What Are The Most Common Causes Of Dog Bite Injuries In Florida?
The most common cause of dog bite injuries in Florida is, as expected, when a dog bites a person. Usually, the reason dogs bite another person is because there is some triggering event or external stimulus that causes the dog to bite. Very rarely do dogs bite people without a triggering cause. Dogs protect their territory, such as their favorite place to lay down, their food, or their toys. If another dog or person attempts to enter their territory, it may trigger a bite incident. Fear is another common cause of why dogs bite. They may not know a person who is entering their property or physical area, and may be scared. For example, I once had a case where a girl was swimming, and when she popped out of the water, a dog got scared and bit her face.
Another common cause of dog bite injuries is when dogs are left unsupervised, either off-leash or if they somehow escape their house or cage. This can cause dogs to be in a position of fear, and more prone to biting.
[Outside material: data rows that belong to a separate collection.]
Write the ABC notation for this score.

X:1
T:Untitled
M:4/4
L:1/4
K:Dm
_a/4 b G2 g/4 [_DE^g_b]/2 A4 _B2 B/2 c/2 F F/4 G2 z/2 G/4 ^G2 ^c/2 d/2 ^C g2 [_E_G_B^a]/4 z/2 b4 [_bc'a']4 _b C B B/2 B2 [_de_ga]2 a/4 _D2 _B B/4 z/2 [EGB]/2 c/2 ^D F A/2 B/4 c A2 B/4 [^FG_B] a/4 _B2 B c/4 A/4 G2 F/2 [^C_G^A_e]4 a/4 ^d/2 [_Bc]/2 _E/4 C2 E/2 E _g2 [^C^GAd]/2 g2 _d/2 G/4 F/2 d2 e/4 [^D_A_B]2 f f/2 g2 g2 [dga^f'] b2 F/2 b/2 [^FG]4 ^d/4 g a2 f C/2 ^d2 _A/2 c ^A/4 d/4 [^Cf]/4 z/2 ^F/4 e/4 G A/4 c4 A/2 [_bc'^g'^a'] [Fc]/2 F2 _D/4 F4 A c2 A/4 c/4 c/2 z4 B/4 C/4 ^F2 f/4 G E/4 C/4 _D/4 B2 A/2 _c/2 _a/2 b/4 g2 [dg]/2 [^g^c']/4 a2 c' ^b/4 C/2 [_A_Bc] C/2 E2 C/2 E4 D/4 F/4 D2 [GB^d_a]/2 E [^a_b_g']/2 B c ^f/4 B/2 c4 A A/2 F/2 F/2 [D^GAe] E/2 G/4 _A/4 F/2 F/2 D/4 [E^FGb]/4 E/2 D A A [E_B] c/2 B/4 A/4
Another reason dogs may bite is out of pure boredom or frustration, such as dogs who are not exercised, because they build up a lot of energy and are easily triggered.
Dog bites are not breed-specific. You can have an aggressive Chihuahua or an aggressive pit bull. The difference is the amount of damage that each breed can cause.
What Are The Common Types Of Injuries That You See In Dog Bite Cases?
Approximately 4.5 million dog bites occur every year in the United States, and nearly one out of every five of those dog bites results in infection. The common injury is usually a puncture wound from the dog’s teeth. If not properly treated, a puncture wound can get infected. Cuts and abrasions are also common types of injuries. If the bite is serious enough, it can leave scarring or nerve damage. There are also emotional injuries, where the victim becomes traumatized and scared of dogs, or sustains scars that make them self-conscious.
Who Is Potentially Liable In A Dog Bite Injury Claim?
In Florida, there is strict liability, which means dog owners are generally liable for all the harms and losses that are caused by their dog. In Florida, dog owners are liable even if their dog hasn’t bitten anybody before or hasn’t shown any signs of past aggression. Also, anybody who could be negligent could also potentially be responsible. Negligence refers to anybody who needlessly endangered the public and thereby caused the injury or the dog bite, and are therefore responsible. For example, if you were visiting your friend’s home and he carelessly lets his dog out of the cage and it bites someone, he would be held liable.
Any person who is negligent, who did something they shouldn’t have done, or who acted carelessly, would also be responsible under the theory of negligence. So there is strict liability, negligence, and also ‘negligence per se’. Negligence per se is where a person violates a statute that is designed or intended to protect folks and the thing that the statute was designed to protect actually occurred. For example, a lot of cities and municipalities have ordinances that say dogs must always be on leashes. So, if you have a dog that is not on a leash and it injures someone, that theory would be called negligence per se because there is a statute to prevent injury, and if that dog injures someone, then that dog owner is negligently per se responsible for all the harms and losses to the person that was bitten by the dog.